Simple concept for manual, short term use failover without significant downtime?

tahrens

New Member
Feb 4, 2026
1
0
1
Hamburg - Germany
Hello everyone,

I have a fundamental question about Proxmox that has been on my mind for quite some time, and I just can't seem to figure it out. It's about how to enable robust and reasonably fast failover even in small businesses with limited financial resources.
In my experience, small businesses often have lower requirements, meaning that downtime does not need to be zero or less than five minutes. However, it should not take several days to restore the failed services. The server should deliver sufficient performance for “normal operation,” but during “emergency operation” with a replacement server, compromises can be made for a certain period of time.
My considerations focus on the classic scenario, which does occur in practice, namely that the server/Proxmox host fails completely and is no longer functional (defective hardware, compromised OS, power surge, water damage, whatever...)
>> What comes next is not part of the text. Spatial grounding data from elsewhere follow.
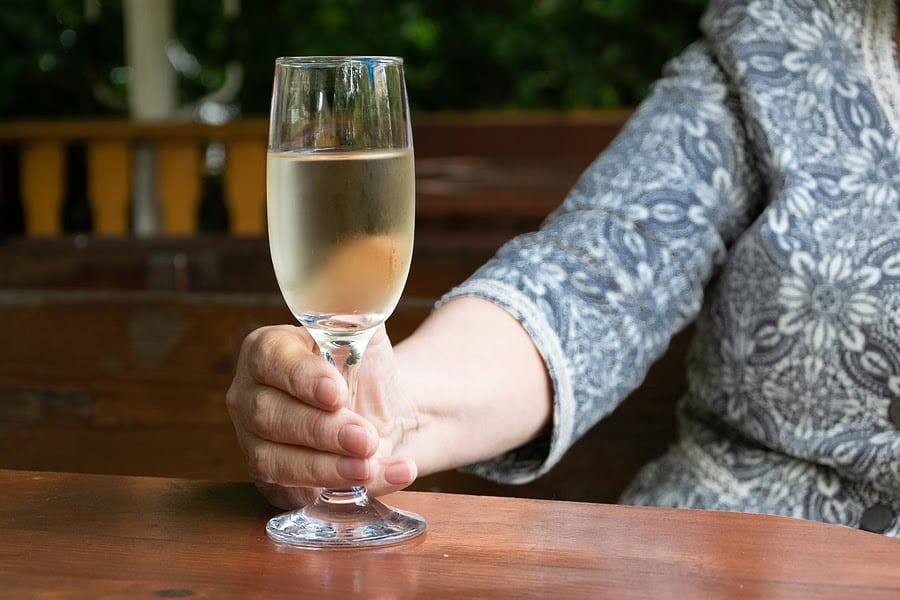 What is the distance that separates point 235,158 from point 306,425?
412 cm

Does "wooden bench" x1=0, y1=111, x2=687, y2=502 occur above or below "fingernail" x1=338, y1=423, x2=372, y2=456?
below

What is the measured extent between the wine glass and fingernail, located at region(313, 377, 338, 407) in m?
0.04

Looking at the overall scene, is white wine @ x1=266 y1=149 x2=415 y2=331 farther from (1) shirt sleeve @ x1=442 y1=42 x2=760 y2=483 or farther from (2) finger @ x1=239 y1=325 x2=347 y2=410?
(1) shirt sleeve @ x1=442 y1=42 x2=760 y2=483

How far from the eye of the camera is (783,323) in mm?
1226

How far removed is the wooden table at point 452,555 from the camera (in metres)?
0.70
Basically, I would run Proxmox in such companies on rather simple server hardware with local ZFS storage on SSDs. Normal backups should be performed via Proxmox Backup Server in the LAN and nightly pull synchronisation to an external PBS, each with HDD NAS as cost-effective storage. This would ensure normal operation and a good backup with manageable resources. But what about recovery in the event of a server failure?

For cost reasons, cluster solutions with two or three identical hardware nodes with ZFS replication or Ceph are out of the question. In the event of a failure, getting a new server, setting everything up again, and restoring the VMs from the backup is also out of the question because it would take far too long. Just restoring a 2 TB VM (unfortunately, even small companies generate large amounts of data) takes an eternity in a classic environment without “all-flash, all-NVMe, Gbit/s LAN, etc.”

I have yet to find a viable solution that lies between these two extremes and enables a recovery time of 2-4 hours. However, not everything has to be (semi-)automatic, some manual work according to an emergency plan is perfectly acceptable in this situation.

My ideal scenario would be: A slimmed-down replacement server without local storage (only very small storage for the OS) with Proxmox pre-installed (not switched on, only as a “cold standby”), regularly synchronising the VMs to a NAS (at least once a day, possibly more often), creating different backup states. If the primary server fails, switch on the replacement server, integrate the VMs from the NAS (preferably already prepared) and start them under Proxmox. Functionality will be ensured by occasionally (2-3 times a year) booting up the replacement server, installing updates, and testing whether the VM replicas can be started with any backup states from the backup.

We have often implemented a solution like this with VMware and Veeam in the past, and it has worked quite well in practice. In a very simple variant, VMware could even be started from a prepared USB stick on any hardware, and the VMs could be mounted and booted from the backup on an external USB hard drive using Veeam Instant Recovery. The performance was generally not outstanding, but it was absolutely usable for the transition.

However, based on Proxmox, I have not yet been able to develop a complete solution that would allow the described concept to be fully implemented. I have pursued the following three approaches, but none of them have been successful:

1. True replication of the VMs is only possible at the block level on a second active server with local ZFS. Even if this were a slimmed-down server with HDDs instead of SSDs, and if it were only woken up once a day to sync and then returned to standby mode to save power, this seems impractical and error-prone to me. And as far as I know, this solution only allows you to fail over to the last replicated state. If this is also faulty (damaged or compromised), you have a problem because there are no previous states of the VMs on the replacement server, only in the normal backup. Or am I getting something wrong?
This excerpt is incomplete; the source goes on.